Sex-Crime Panic
A Journey to the
Paranoid Heart of
The 1950s

Neil Miller
(Alyson)
In 1954, in Sioux City, Iowa, two children were kidnapped, raped, and murdered. The authorities decided to "round up the usual suspects" --- which in this case meant "sexual deviates." Though none were implicated in the crime in any way, twenty homosexuals were trapped and

    sentenced to the state mental hospital at Mount Pleasant for an indefinite period of time --- until they were "cured."

Miller calls it a "sex crime panic," accomplished by means of a newly passed law which was "to provide for the confinement of persons who are dangerous criminal sexual psychopaths."

The narrative follows the main suspect in these murders (he was drugged to force confession), and details the incarceration of the twenty "sexual psychopaths." We follow them in their capture, spirited (and illegal) interrogations, their difficulty in getting legal help, and, finally, their sentencing to the Iowa State Insane Asylum at "Mount Pleasant" (great name!)

As was typical of the time, there was no distinction between "sexual deviates" and dangerous sex criminals. Miller tells us that

    an adult homosexual man who had sex with his lover in the privacy of his bedroom was as deviate as a child murderer. A person who had a pornographic book or photograph hidden in a night table faced the same punishment as a rapist.

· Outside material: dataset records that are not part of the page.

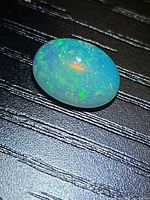 Oval Ethiopian opal cabochon on textured surface, showing play-of-color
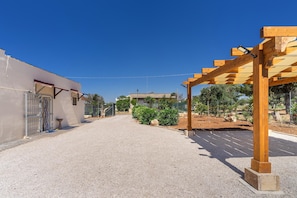A driveway leading to a building with a gated entrance, a pergola structure, and a parking area with a clear sky.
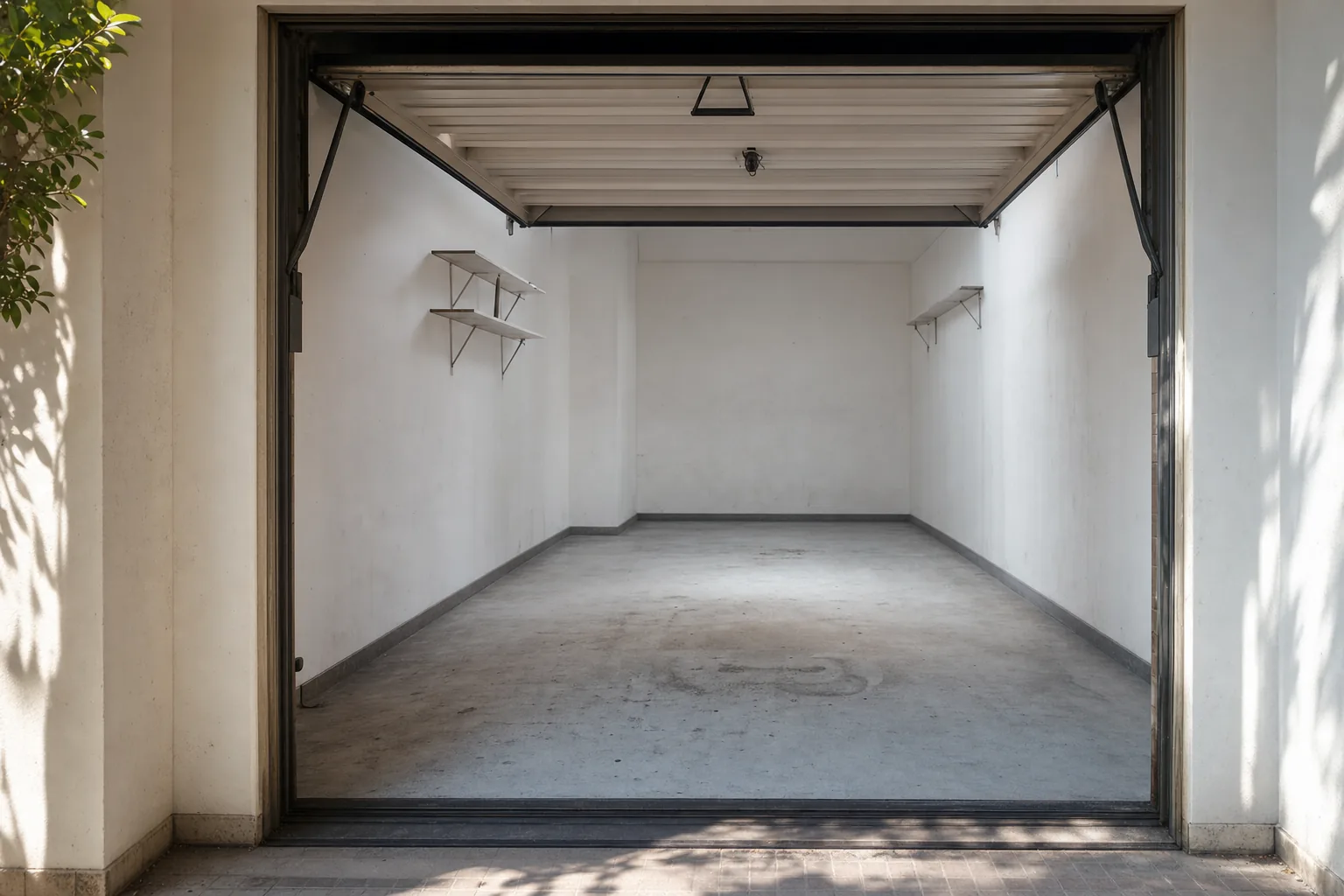 Plaza de garaje de una finca de Barcelona completamente vaciada, con el suelo barrido y la puerta basculante abierta a la luz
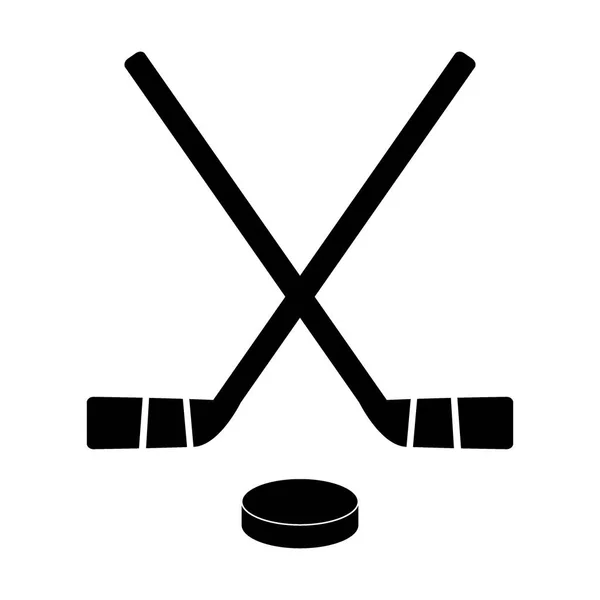 İki çapraz hokey sopaları ve Pak.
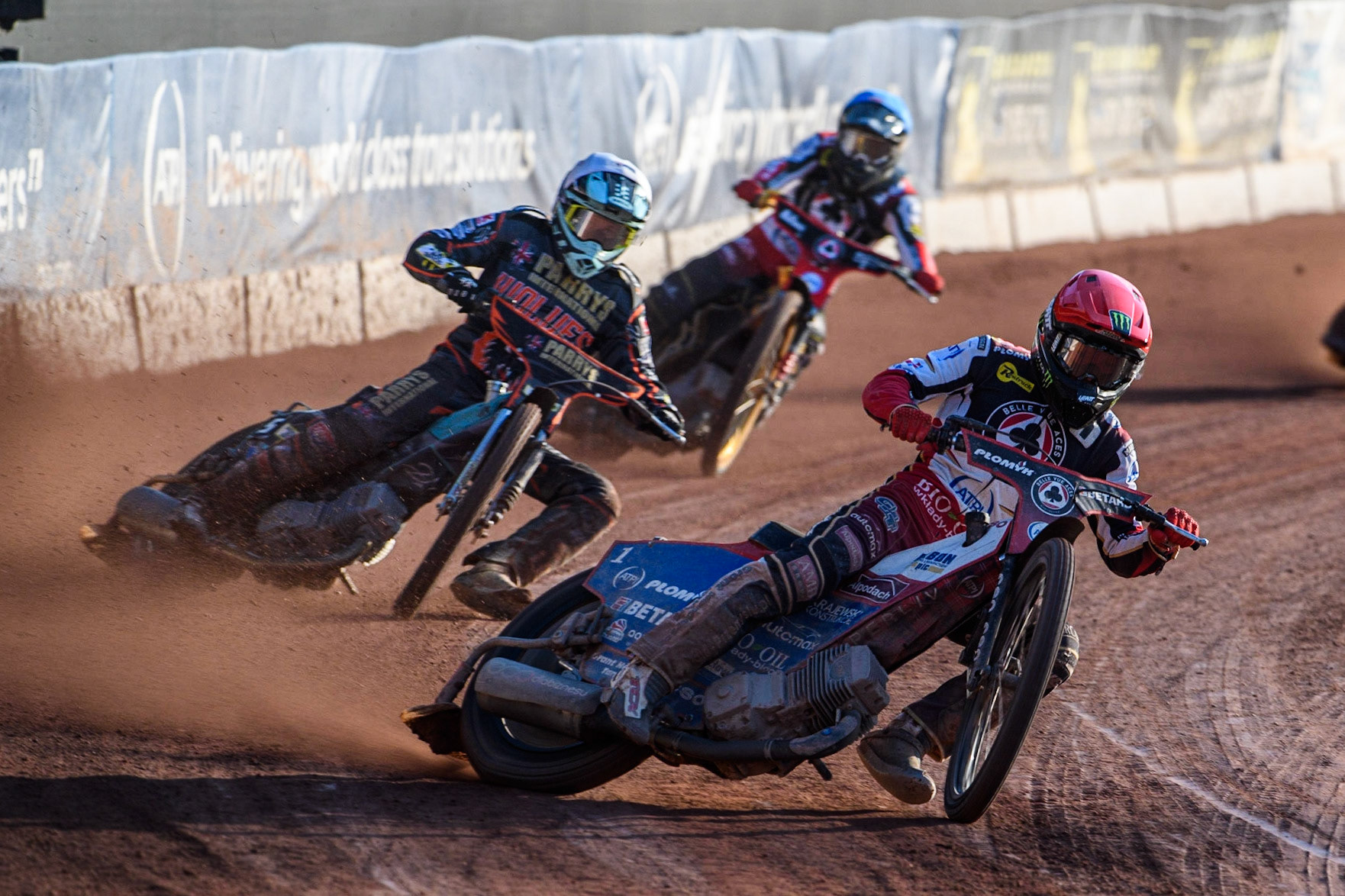 Dan Bewley (Red) leads Ryan Douglas (White) and Norick Blodorn (Blue) during the Sports Insure Premiership match between Belle Vue Aces and Wolverhampton Wolves at the National Speedway Stadium, Manchester on Monday 3rd July 2023. (Photo: Ian Charles | MI News)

If the casual reader has no idea of the treatment of homosexuals a half-century ago, Sex-Crime Panic is sure to be an eye-popper. But despite the lurid title and sometimes breathless treatment of the subject, those of us who lived through those days expected nothing less from the authorities.

We knew that the manifestation of the love "that dare not speak its name" was a felony; we knew the price of exposure --- we knew that if we were ensnared (a potential lover might pull out a badge instead of a weenie) --- we faced time in jail or at the "funny farm." We were the enemy, a representative of a moral decay that was haunting a pure nation.

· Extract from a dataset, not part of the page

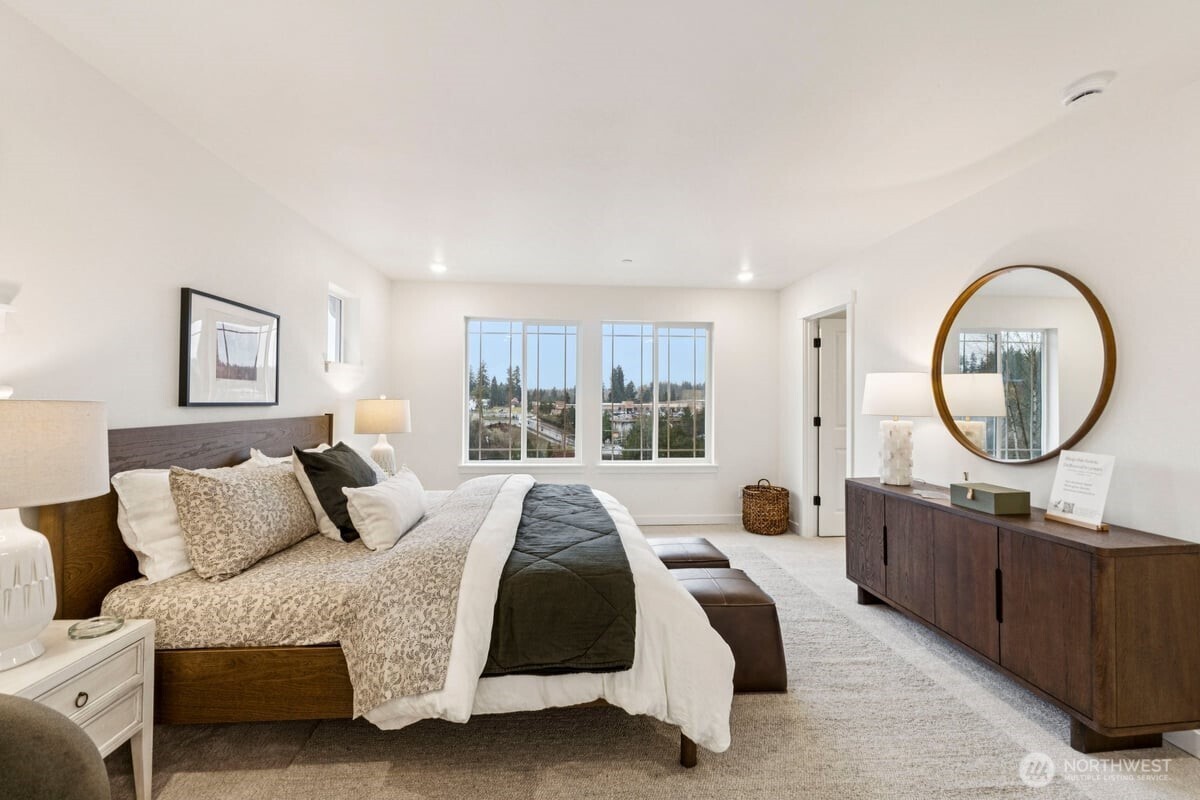 24233 13 Avenue Southeast, Unit CR26 Bothell, WA 98021 - Photo 11 of 21 a bedroom with a large bed and a large window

Freedom might be found in New York or Chicago or San Francisco or New Orleans. But those of us who lived in Pittsburgh or Dallas or Boise or any small town knew we were taking a chance when we tried to find love. It was a bitter time. Those of us who had no place to turn in our own communities hoped that by leaving we could find a city where we would just be left alone. That was all that we could hope for.

§     §     §

Miller reports that once the "deviates" got salted away in Mount Pleasant, the majority of them played along with the psychologists, pretending that they were "cured" so they could be released. Indeed, one of them was out within three months; the rest within a year. The author tells us that they were lucky that they were not forced to undergo castration or insulin injections --- the accepted "cure" in some other states.

Most of their lives were severely disrupted. Any who had to go through extensive background checks for new jobs knew that they would not be hired. Almost all left family and friends and moved out of state.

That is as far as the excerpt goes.